As Hina / Poslovni report, the airport will, like other airports, officially enter the Schengen regime on March 26.
This is a capital investment with extensive work at that airport, which in 2022 had more than one million passengers for the first time, 1.1 million to be exact. Since the plans and predictions for 2023 are even higher, they expect this investment will allow accepting intercontinental flights.
“The arrangement of additional annexes of the building, which will house the international arrival/departure of “non-Schengen passengers,” will also be arranged, and everything is part of a larger project by which the airport aims to become the first airport in Croatia using solar energy and an electric bus, to strengthen its “green and sustainable business,” they emphasize.
From the moment they enter Schengen, they expect an easier flow of passengers, especially since most passengers will be domestic, who do not have to go through passport control, but only a security check.
Part of the passengers who are not in that regime will still go through passport control, but given that this has been the case until now, there will practically be no changes for them.
“We have great announcements for 2023, and we expect 5 to 10 percent more passenger traffic compared to a record 2022 when we recorded a million for the first time.

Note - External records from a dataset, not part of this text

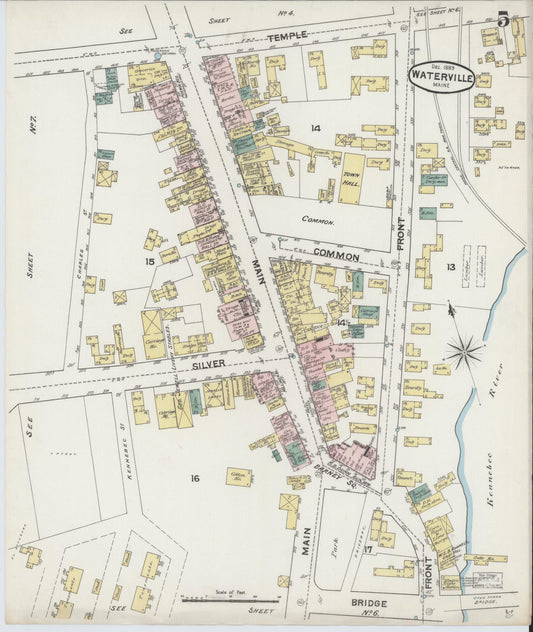 Sanborn Fire Insurance Map from Waterville, Kennebec County, Maine (1889), Sheet #0005 - Historic Sanborn Fire Insurance Map Print, vintage old map wall art, antique decor, genealogy gift, Maine Maine map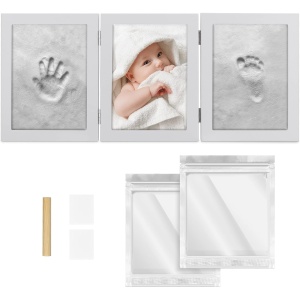 Kit rama foto cu 2 amprente mulaj, Navaris, 22 x 17 x 2.2 cm, Gri - Img 2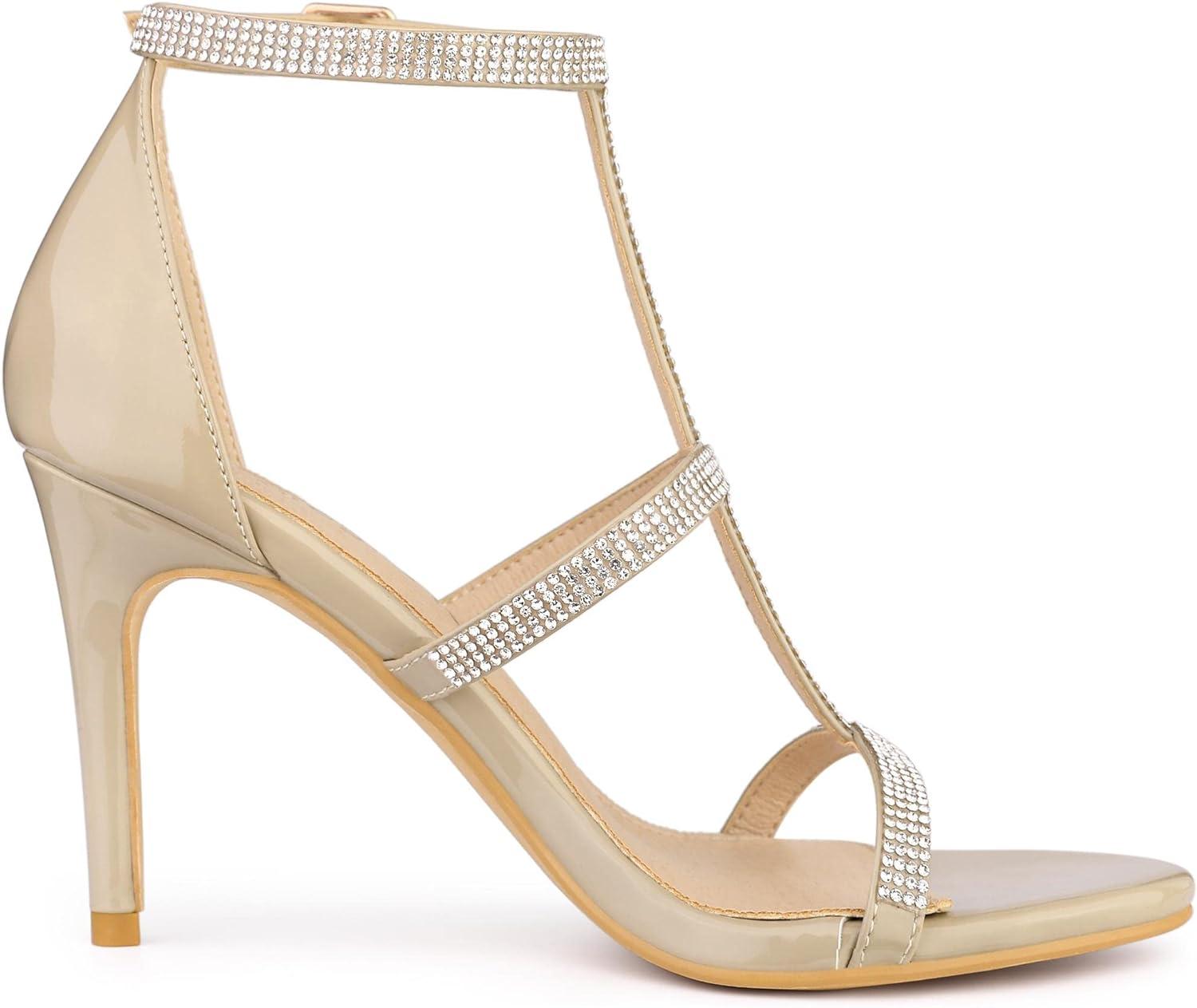 imageAllegra K Womens Rhinestone Ankle Strap Stiletto High Heel SandalsBeige
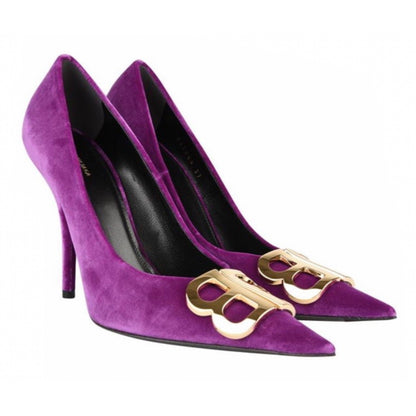 Balenciaga Purple Velvet BB Heels Womens Heels Balenciaga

This is an exceptional result, considering that we are the first Croatian airport to exceed pre-pandemic traffic”, they say from the Zadar airport.
In accordance with the announced increase in traffic, they say that they will also hire more people, which is why they had a call for seasonal workers in January, for whom the selection process is ongoing.
They believe that they will be able to cover all the needs for seasonal workers, all the more so because they see that there is sufficient interest in working at the airport, and they also state that last year in 2022, they had an average of 248 employees per month, while in 2023 they plan to their increase that number to 254.
Currently, in the winter flight schedule, they (only) have daily domestic flights of Croatia Airlines (to Zagreb and Pula), which, as they announce every year, will change significantly with the summer flight schedule.
“Although it is still too early to discuss the flight schedule, we can already confirm that there will be new lines and airlines. For example, this year, we have S.A.S. with a line to Copenhagen, and three new lines of the Italian carrier Milano Malpensa (MXP), the German Munster, and the Polish Rzeszów have been announced so far,” they revealed for Hina.
Their now traditionally largest partner for the summer flight schedule, Ryanair, offers 46 routes.
When asked about the financial results of operations in 2022, they estimate that Zadar Airport will have a profit of around HRK 24.47 million in 2022, which would be 203 percent more than the profit in 2021, but also 262 percent more than in 2019.
This was also driven by a significant increase in income in 2022, but considering that the annual reports on operations for 2022 have not yet been completed, they only amount to the revenue for nine months of 2022, of almost HRK 95 million, while in the whole of 2021, they achieved over HRK 65.5 million in revenue.